Finally, the most compelling argument to qualify acupuncture of a cargo cult, is the fact that its apostles remain obstinately faithful that someday, someone will prove that “astrology with needles” is a panacea that can naturally restore health and longevity. This is despite the fact that well-conducted three-arm clinical trials that used sham controls with needle insertion at “wrong” points (points not indicated for the condition) or non-points (locations that are not known acupuncture points) along with a non-interventional control group, have failed to demonstrate that there is a reliable difference between sham and “true” needling.
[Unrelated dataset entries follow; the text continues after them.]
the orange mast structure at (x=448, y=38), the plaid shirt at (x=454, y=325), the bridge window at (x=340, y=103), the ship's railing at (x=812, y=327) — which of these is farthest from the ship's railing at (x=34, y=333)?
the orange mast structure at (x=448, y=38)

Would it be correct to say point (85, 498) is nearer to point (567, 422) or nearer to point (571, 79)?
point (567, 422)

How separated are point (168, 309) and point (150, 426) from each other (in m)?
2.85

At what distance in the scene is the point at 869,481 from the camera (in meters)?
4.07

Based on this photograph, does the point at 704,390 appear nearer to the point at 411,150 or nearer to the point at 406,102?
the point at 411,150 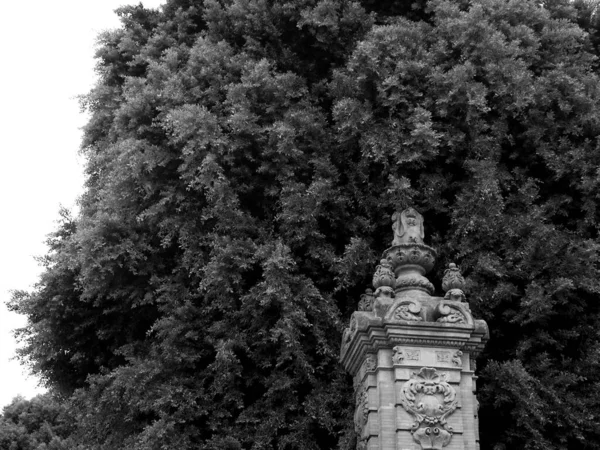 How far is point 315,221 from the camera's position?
10.8m

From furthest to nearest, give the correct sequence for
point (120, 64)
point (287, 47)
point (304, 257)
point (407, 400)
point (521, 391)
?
point (120, 64) → point (287, 47) → point (304, 257) → point (521, 391) → point (407, 400)

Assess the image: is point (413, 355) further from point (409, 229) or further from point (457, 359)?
point (409, 229)

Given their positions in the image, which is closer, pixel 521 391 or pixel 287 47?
pixel 521 391

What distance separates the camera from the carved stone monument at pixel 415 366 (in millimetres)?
6605

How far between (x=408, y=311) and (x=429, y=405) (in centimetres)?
84

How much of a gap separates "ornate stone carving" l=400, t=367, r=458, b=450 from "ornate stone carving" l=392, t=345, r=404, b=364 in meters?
0.18

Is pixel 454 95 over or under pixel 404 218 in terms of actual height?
over

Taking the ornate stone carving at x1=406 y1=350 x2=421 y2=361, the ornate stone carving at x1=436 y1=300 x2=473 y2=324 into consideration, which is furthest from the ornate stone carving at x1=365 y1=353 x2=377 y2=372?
the ornate stone carving at x1=436 y1=300 x2=473 y2=324

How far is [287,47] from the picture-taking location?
42.0 feet

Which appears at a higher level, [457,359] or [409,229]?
[409,229]

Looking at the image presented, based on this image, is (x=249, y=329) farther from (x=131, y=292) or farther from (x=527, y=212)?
(x=527, y=212)

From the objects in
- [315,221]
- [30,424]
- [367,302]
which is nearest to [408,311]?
[367,302]

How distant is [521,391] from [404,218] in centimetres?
323

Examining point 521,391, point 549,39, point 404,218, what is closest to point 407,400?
point 404,218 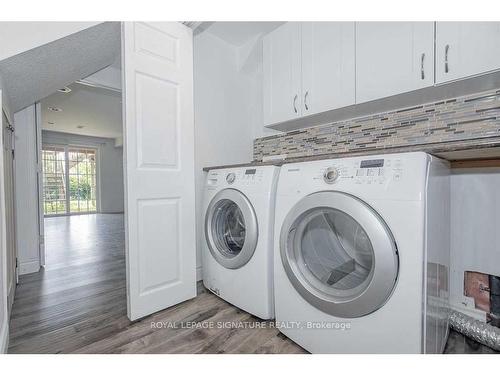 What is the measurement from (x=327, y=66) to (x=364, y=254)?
1239 millimetres

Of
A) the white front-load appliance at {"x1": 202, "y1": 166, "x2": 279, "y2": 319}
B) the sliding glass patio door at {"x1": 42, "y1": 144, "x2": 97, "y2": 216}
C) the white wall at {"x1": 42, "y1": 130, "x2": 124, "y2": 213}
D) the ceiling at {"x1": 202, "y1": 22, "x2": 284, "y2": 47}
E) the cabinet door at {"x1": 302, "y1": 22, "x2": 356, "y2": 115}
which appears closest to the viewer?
the white front-load appliance at {"x1": 202, "y1": 166, "x2": 279, "y2": 319}

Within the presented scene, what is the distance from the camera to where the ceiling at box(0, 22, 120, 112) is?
4.62 feet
Three well-designed three-armed randomized controlled clinical trials with 302, 270, and 1007 patients, respectively, have demonstrated that acupuncture and sham acupuncture treatments were more effective than no treatment at all, but there was no statistically significant difference between true and sham acupuncture,27,28,29 suggesting that it does not have unique effects on the central nervous system, or on pain and pain modulation.30 These studies indicate that the “meridional theory” is of low importance, and does not lead to specific therapeutic effects.31,32 The most recent challenge came from a review article in the New England Journal of Medicine which concluded that acupuncture’s specific therapeutic effects – if any – are small, and its benefits are mostly attributable to “contextual and psychosocial factors, such as patients’ beliefs and expectations, attention from the acupuncturist, and highly focused, spatially directed attention on the part of the patient.”33

I see the pointless studies that aim to validate notions that date of Galen’s era, and hear the irrational narrative of the apostles of this cargo cult at the twilight of a dying hope, and I think of Baudelaire’s morose elegy to “The Swan:”

A swan which from its cage had made escape
Patting the torrid blocks with webby feet,
Trailing great plumes of snow, while beak agape

Tumbled for water in the parching street;

Wildly it plunged its wings in dust again,
Mourning its native lake, and seemed to shrill:
“Lightning, when comest thou? and when, the rain?”
Strange symbol! wretched bird, I see it still.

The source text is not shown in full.